Aclarado ya el asunto de lo feo que es el aborto, los obispos se apresuran a fijar posición en torno a la familia y a las políticas públicas que la involucran. A partir de la cita del artículo 40 de la Constitución, que establece que “la familia es la base de nuestra sociedad”, los obispos señalan el peligro de promover “una visión de la persona y su sexualidad encaminada a la ‘deconstrucción’ de la familia, que equivale a su destrucción”. Y una no sabe bien si explicarles que “deconstrucción” no es lo mismo que “destrucción” o si decirles que sí, que es verdad, que hay ciertas formas de entender lo familiar que necesitan ser erradicadas, aunque eso no suponga eliminar a la familia.

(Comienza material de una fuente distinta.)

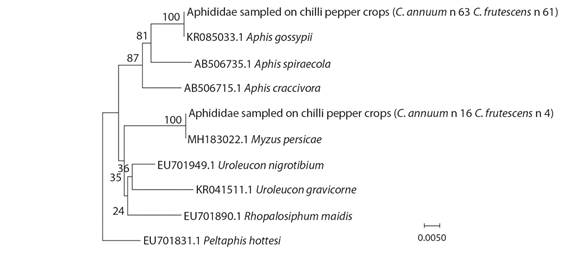 Neighbour joining (NJ) analysis based on the K2P model with 1 000 bootstrap samples using 144 COI sequences of aphids collected in cayenne (C. annuum) and tabasco (C. frutescens) pepper crops in Southwestern Colombia.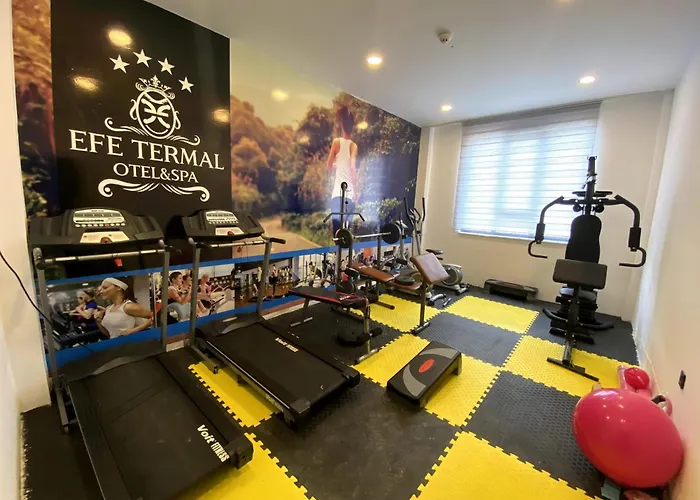 Hotel Efe Termal 4*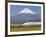 Japan, Houshu, Shinkansen (Bullet Train) Passing Mount Fuji-Gavin Hellier-Framed Photographic Print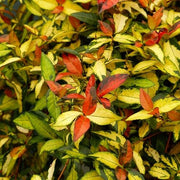 Jasmine Summer Sunset | Live Plants | Trachelospermum Asiaticum | Colorful Groundcover Vine
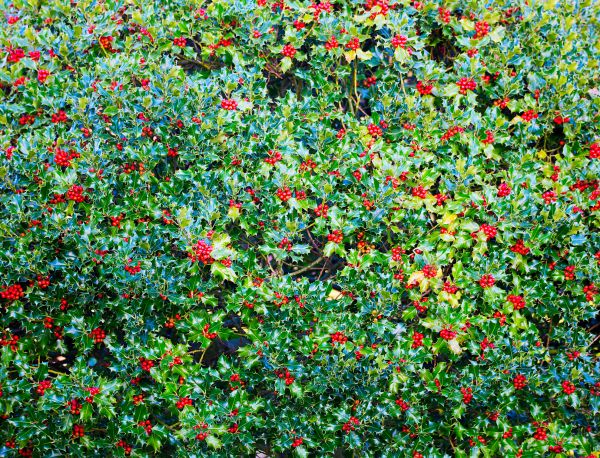 Cost of Holly Bush Removal in Lake City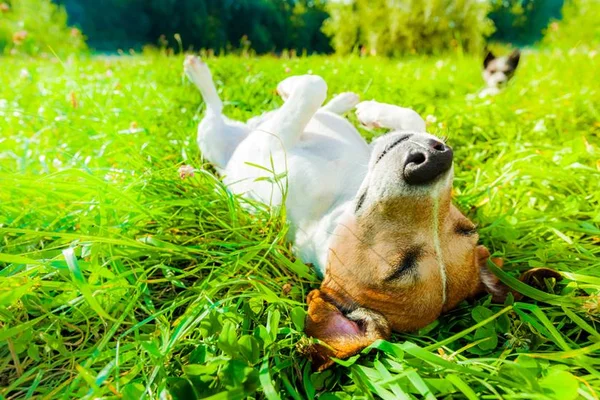 Saiba como reduzir o estresse dos pets em datas festivas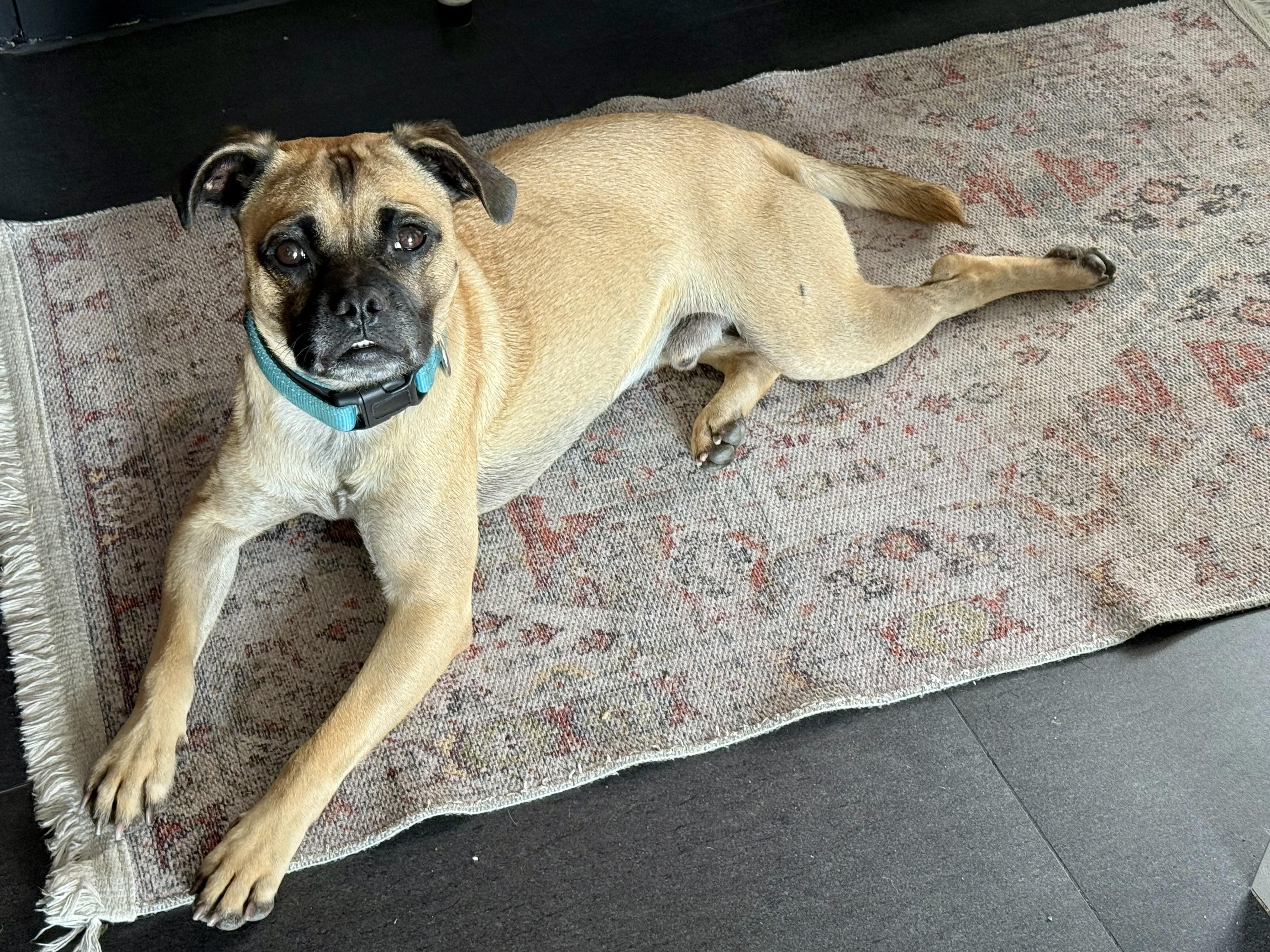 FRANK, a Adoptable mixed breed in El Segundo, CA image 2/6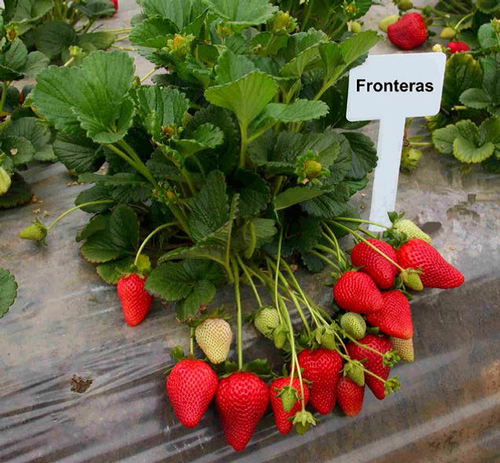 Strawberry variety 'Fronteras'. Photo courtesy Doug Shaw.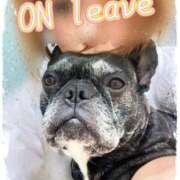 ヒメ日記 2025/12/24 18:16 投稿 榛之もも 日暮里ド淫乱倶楽部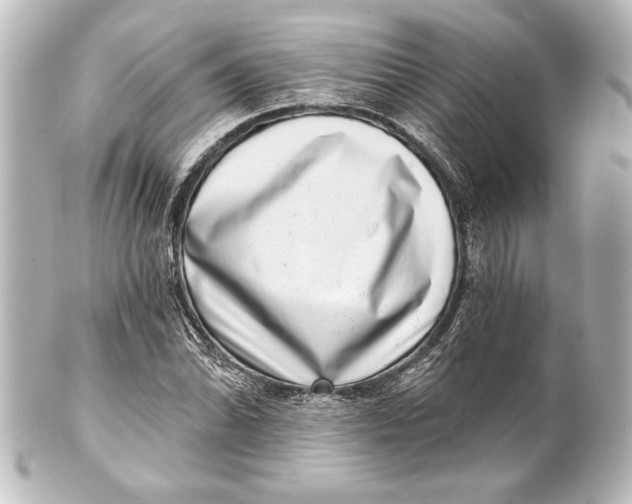 X0000101421070200807280932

Sin embargo, no hay que ser ingenuo al leer el mensaje de los obispos, porque si bien es indudable que están en contra del aborto y que no ven con alegría la incorporación de otras formas de estar en familia, lo que verdaderamente reclaman aparece un poco más adelante, cuando lamentan que “el Estado se apropie del derecho y el deber primario de los padres de educar a sus hijos según su propia escala de valores”. Preocupados por la “visión deformada de la sexualidad, del matrimonio y de la familia” que el Estado parece estar promoviendo entre los más chiquitines, los soldados de la iglesia apelan una vez más al derecho a “la libertad de educación y la aplicación del principio de subsidiariedad”, para demandar acuerdos de política educativa de largo aliento que respeten “el derecho de los padres a elegir la educación que quieren para sus hijos”. Y esa, creo, es la madre del borrego: lo que de verdad se cocina en toda esta preocupación de la iglesia por el buen votar de los ciudadanos es, precisamente, la cuestión de la educación. Más concretamente, la cuestión de que las políticas educativas den lugar a la iniciativa privada, tanto sea bajo la forma de instituciones como Los Pinos, Jubilar o Impulso (financiadas por el Estado en forma indirecta, mediante renuncia fiscal), como, más directamente, subsidiando instituciones educativas de carácter público, aunque no estatal, en las que la “libertad de cátedra” permita ignorar esas nuevas y peligrosas doctrinas que están dinamitando los buenos viejos valores.

El mensaje de los obispos sobrevuela otros temas de interés actual (la “falta de seguridad que padecemos”, el empleo, el cuidado del medioambiente), pero sin ir más allá de una expresión general de buenos deseos. Admite, asimismo, que hay numerosos aspectos de la “problemática del país” que no son abordados en el documento, pero hace un llamado fervoroso a la unidad de los uruguayos y al compromiso en pos del bien común, y pide a los actores políticos que eviten “agravios y situaciones que fomenten la división en la sociedad”.

Hay algo encantador en el reclamo de las “almas bellas” que piden amor y concordia en tiempos convulsos, como si la vida en sociedad estuviera exenta de intereses opuestos, de tensiones y de injusticia. La iglesia se lamenta del camino que han tomado las luchas de las mujeres, pero pasa alegremente por alto su propia responsabilidad en la cultura del abuso y de la impunidad que tantas vidas ha costado, literal y metafóricamente. Denuncia la “colonización ideológica” a la que están sometidos nuestros niños y reclama, en el mismo acto, el derecho a colonizar sus cabecitas con la doctrina cristiana, valiéndose, en lo posible, de los recursos económicos que el propio Estado debería poner a su alcance.

Lo bueno de todo esto, si decidiéramos aprovecharlo, es que habilita la discusión en torno a asuntos cuya importancia y complejidad suele pasarse por alto. Sería una lástima que justo ahora, que estamos viendo desplegarse tanto discurso vacío, no nos hiciéramos un tiempo para poner en debate ya no el aborto o las concepciones de familia, sino las múltiples formas de abuso naturalizadas en nuestra cultura y que en 2.000 años de historia la iglesia no ha querido erradicar.